Retailer Godfreys has warned of a looming serious cash flow squeeze early next month as a takeover for the struggling vacuum cleaner group moves towards completion.
In an update yesterday the company said it needs emergency financial injection after new management installed by John Johnson, the 99-year-old bidder found the company’s financial situation was weaker than anticipated.
The bid from Mr Johnston (he was one of the original employees when he joined the company back in 1936) has now grabbed more than 80% of the shares in the retailer.
With a 90% acceptance condition before compulsory acquisition, yesterday’s warning statement will help boost acceptances towards that level. He is bidding 33.5 cents a share for the company, and after yesterday’s statement that is going to better than a doubtful future as a locked in minority in a struggling company
The management team put in place on May 25 by Mr Johnston has found the financial situation has deteriorated much more than expected at the group, which operates more than 200 retail outlets in Australia and New Zealand.
New CEO, John Hardy, (who is actually the long time old CEO) warned investors its “prudent” to “not rely on previously published earnings guidance”.
In an ASX statement yesterday, Godfreys advise without further financial support, the retail group will likely experience “cash flow challenges in early July 2018”.
“It must be stressed that these indications are based on a high level analysis by the new executive team, which is all that has been possible in the short time available.

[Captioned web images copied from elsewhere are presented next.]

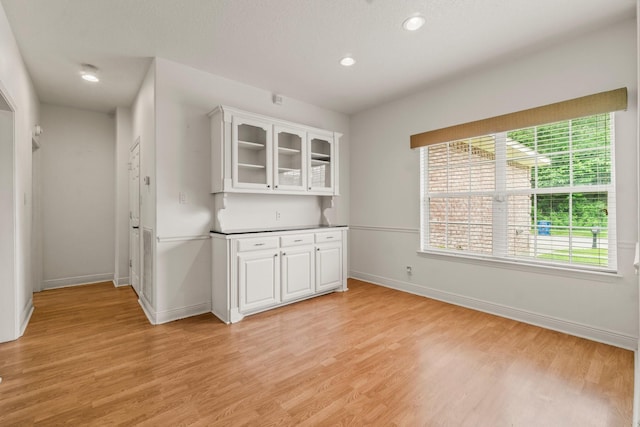 104 Mccardell Ln, Livingston, TX 77351 - kitchen featuring white cabinets, baseboards, glass insert cabinets, and light wood-style floors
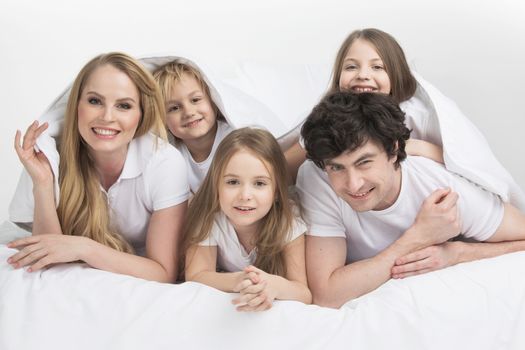 Smiling family with three children wake up in bed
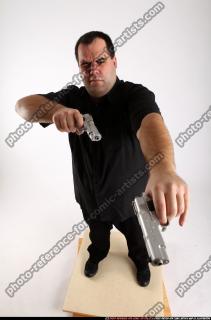 Slavoj-dual-guns-pose1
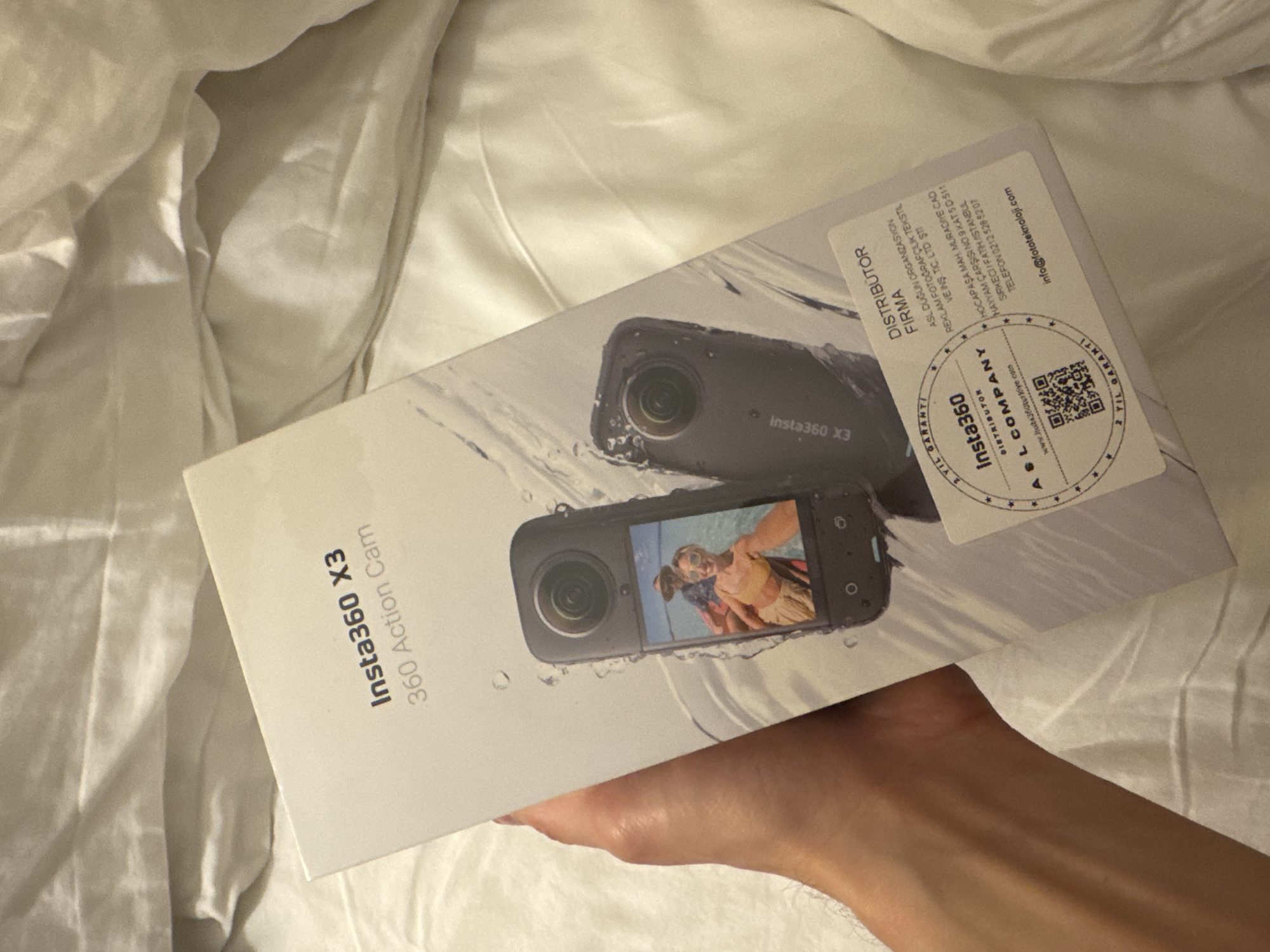 Person holds new action camera box in Bodrum bedroom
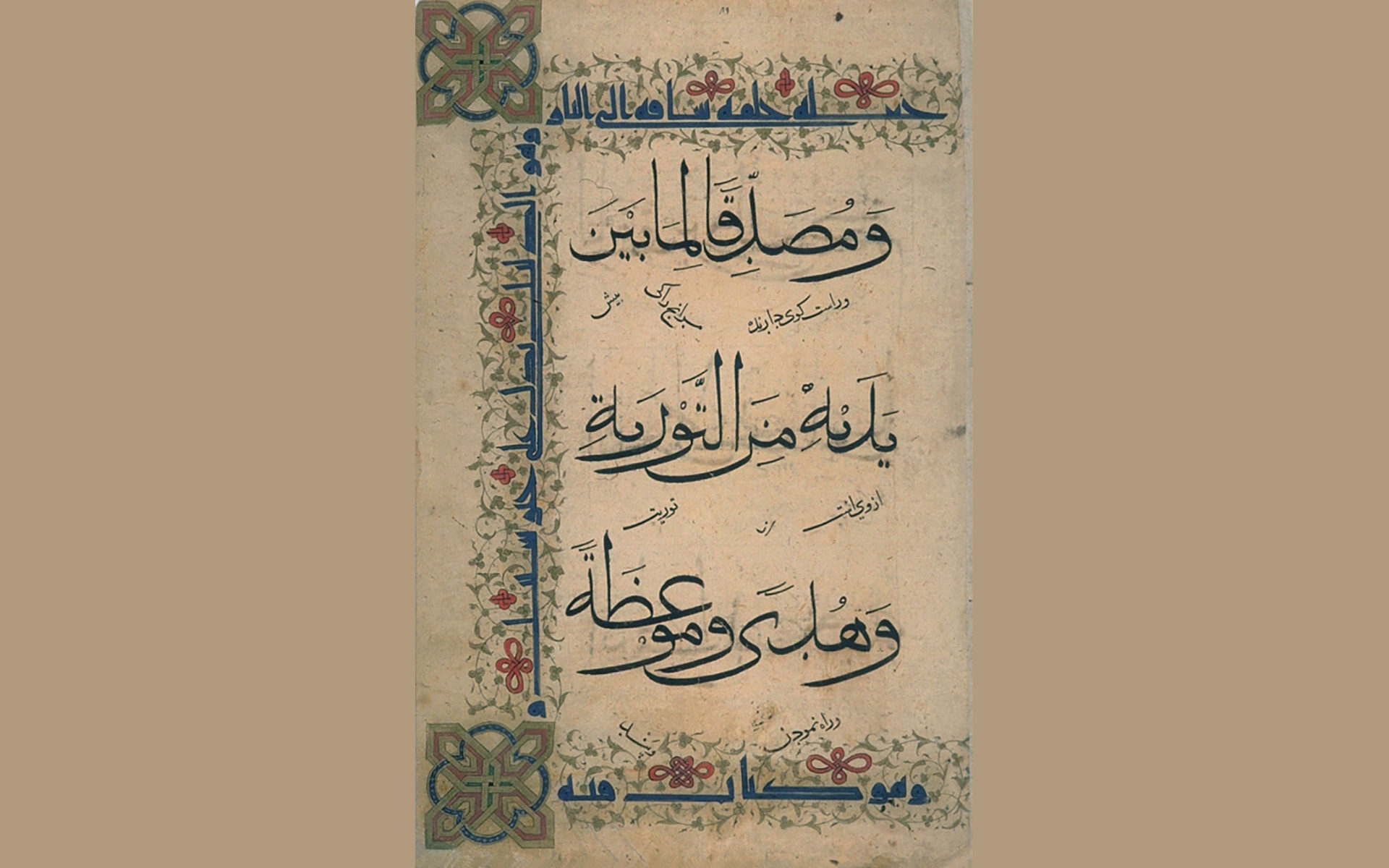 A manuscript page with three horizontal lines of Arabic calligraphy in black on cream-colored paper embellished with a pale green foliated border punctuated by red knots on the top, left, and bottom edge. Inside this border in another style of calligraphy in blue ink is more Arabic writing.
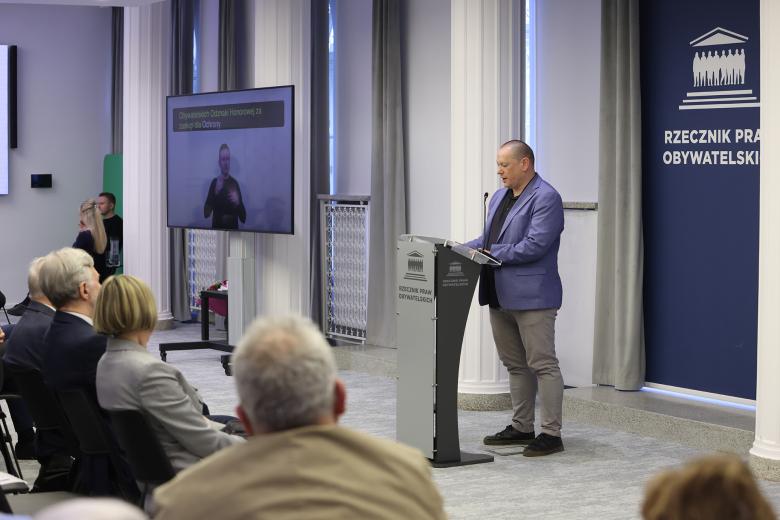 Łukasz Faliszek wypowiada się stojąc przy mównicy. Przed nim widoczne są osoby siedzące na widowni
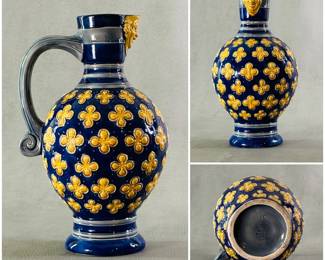 An English majolica pitcher by Minton circa 1871, moulded ovoid body in a cobalt blue ground and raised deep yellow quatrefoil florets, loop handle rising to a masked spout; incised Minton mark, incised style #596, incised #12, incised date code (NC). 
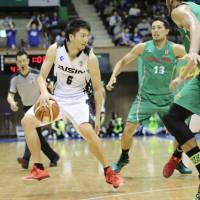 Aisin guard Makoto Hiejima (6) dribbles against the Toyota defense during Game 2 of the NBL playoff semifinals on Sunday. SeaHorses upset Alvark to book place in NBL Finals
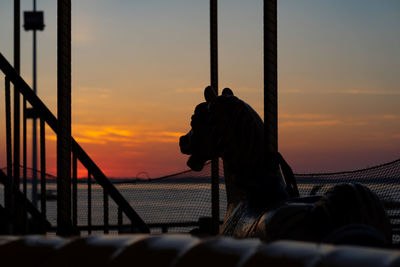 Silhouette person standing by railing against sky during sunset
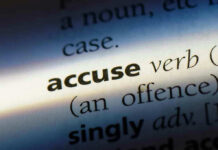 Close-up dictionary definition of accuse underlined.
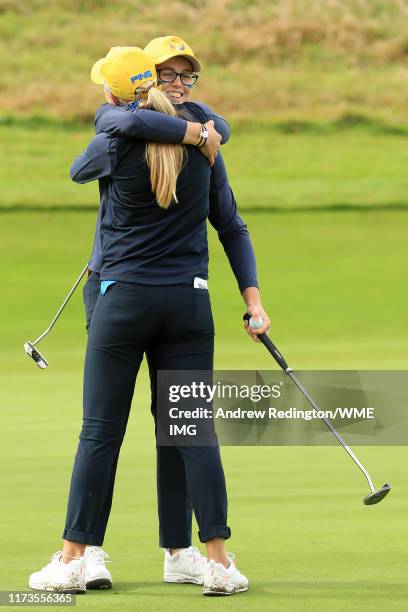 Hannah Darling and Annabell Fuller of Team Europe embrace after winning the match on the 15th green during the PING Junior Solheim Cup during...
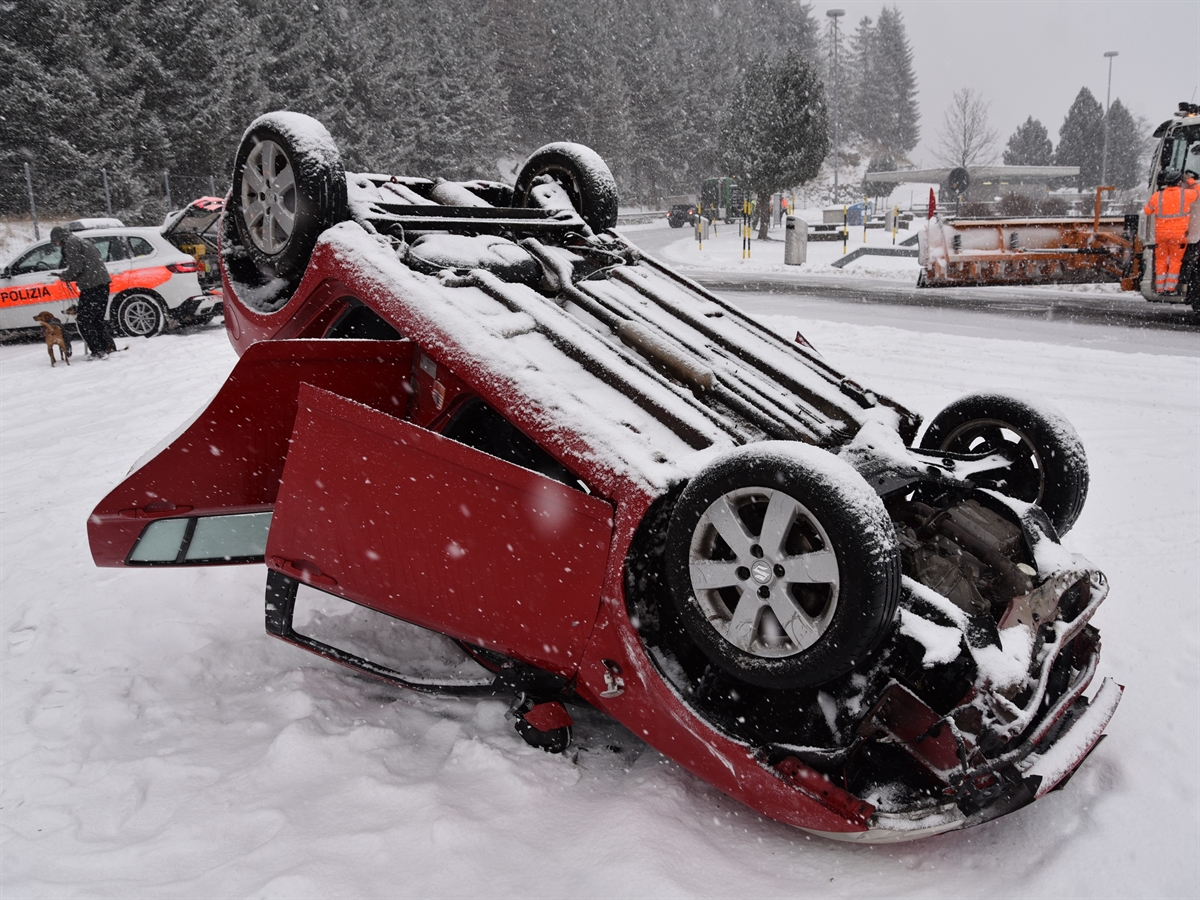 Ein roter auf dem Dach liegender Kleinwagen. Die Umgebung ist verschneit. Links im Hintergrund ein Polizeiauto, rechts im Hintergrund ein Lastwagen mit Schneepflug.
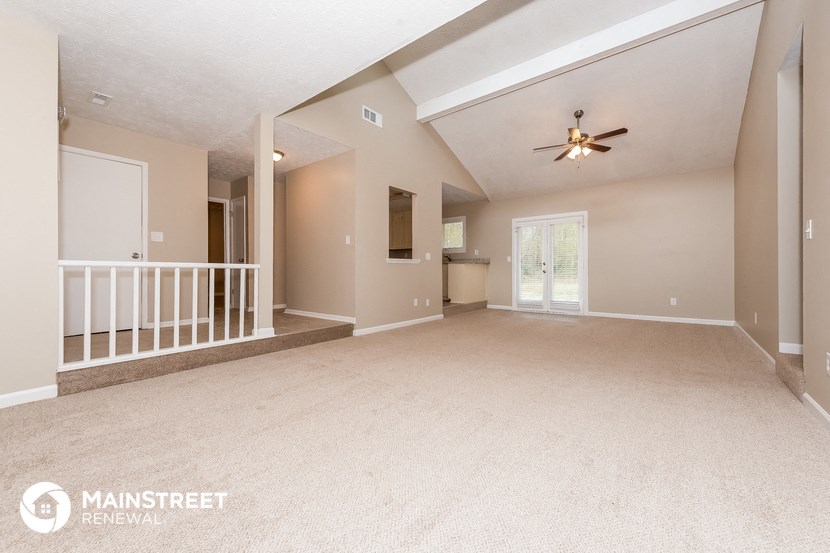 an empty living room with a ceiling fan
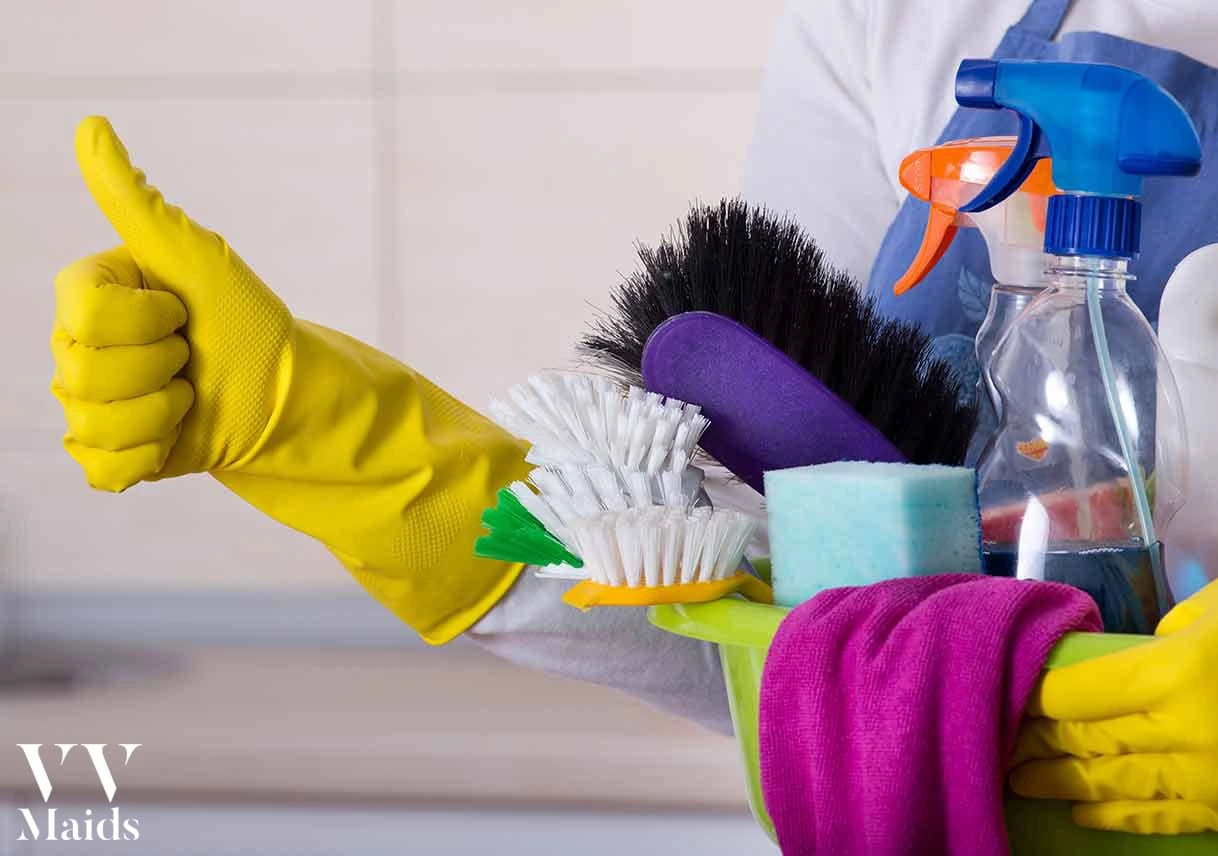 Maid-and-Supplies A person in yellow gloves holds a cleaning caddy filled with various cleaning supplies, representing VV Maids Cleaning Services in NY.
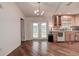 Open-concept kitchen and dining area with wood floors, a chandelier, and access to outdoor space at 3647 Lake St George Dr, Palm Harbor, FL 34684
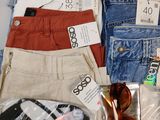 several pairs of jeans and sunglasses are laid out on a table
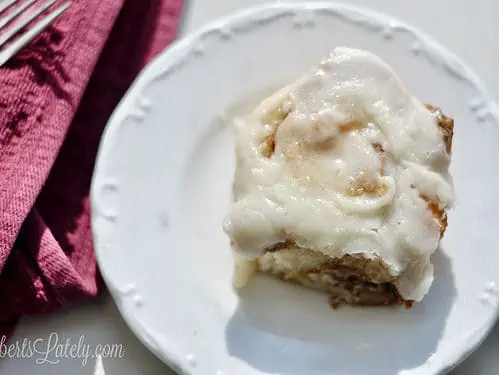 looking down on a cinnamon roll on a white plate with a red napkin.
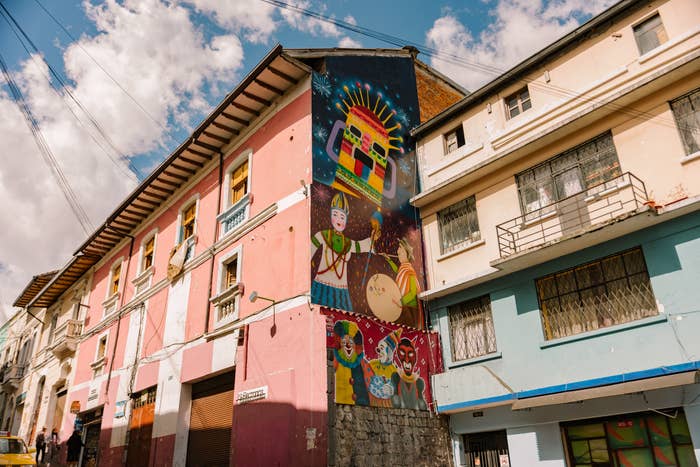 Building with vibrant mural featuring traditional figures and cultural symbols on its side under a partly cloudy sky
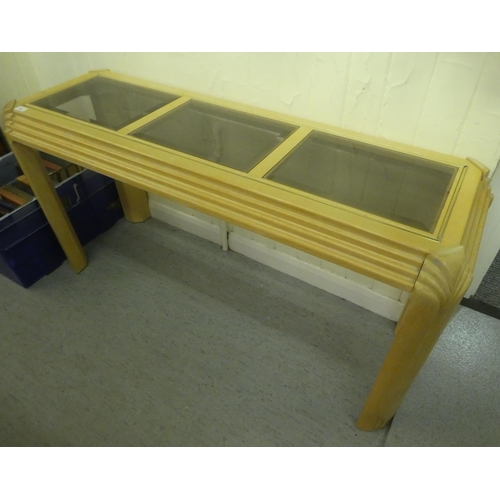 159 - A modern stained beech hall table with a panelled glass top, raised on chamfered legs  28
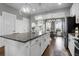 Beautiful kitchen island with granite countertops and stylish pendant lighting at 3 Clearblue Loop, Summerville, SC 29486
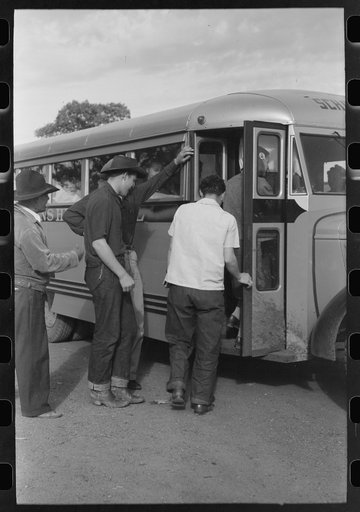 Schoolchildren of Concho, Arizona boarding the bus to go to the high school at St. Johns, Arizona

Work is currently underway to verify this position,” Godfreys told the market.
Since listing in 2014, the company’s share price has dropped over 90%.
Mr Johnston is the main financier through a vehicle known as 1918 Finance Pty Ltd which owned 28% of Godfreys before the bid and which has been the company’s main financier and the statement said talks were underway about future financing needs, including a possible rights issue (which would require Mr Johnston to put up more money.
Discussions with 1918 Finance are about an extension to the limit on an existing $30 million senior debt facility.
Godfreys also warned the remaining investors should brace themselves for another profit downgrade, as the new executives and advisers worked through more number-crunching, with an announcement expected soon.
“In the meantime, it would be prudent for shareholders and investors not to rely on previously published earnings guidance,” the company warned yesterday.